> **SUPPLIED INFORMATION**
□ □ □ □
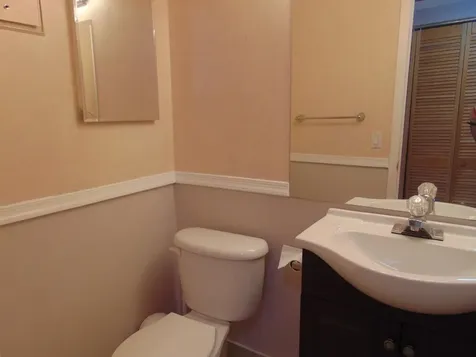 292 Fanshaw G Boca Raton FL 33434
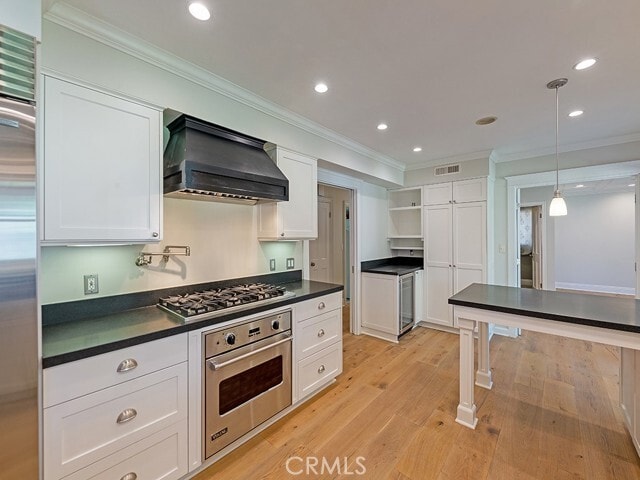 Building Photo - 5463 Katherine Ave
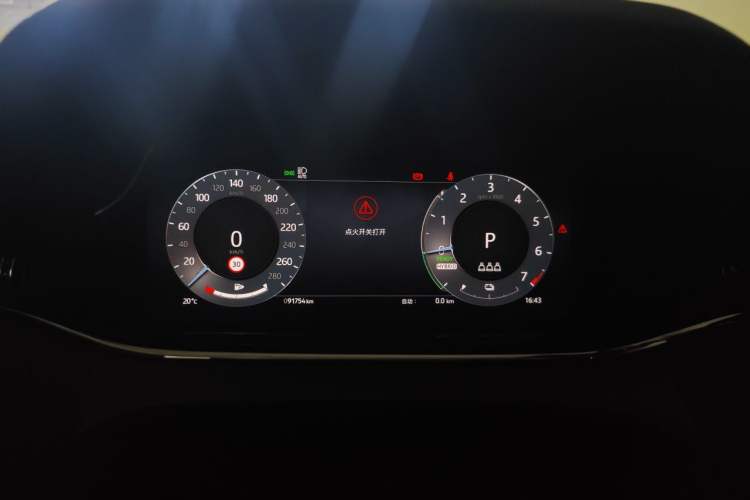 Used Land Rover Range Evoque New Energy 2022 Aurora L P300e Plug-in Hybrid Electric Version Instrument Cluster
□ □ □ □
> **EXERCISE PROMPT**
From the line containing "Building Photo - 5463 Katherine Ave" down to the final line of the listing above, write out only those lines exactly as they are, minus the pictures.

> **EXERCISE ANSWER**
 Building Photo - 5463 Katherine Ave
 Used Land Rover Range Evoque New Energy 2022 Aurora L P300e Plug-in Hybrid Electric Version Instrument Cluster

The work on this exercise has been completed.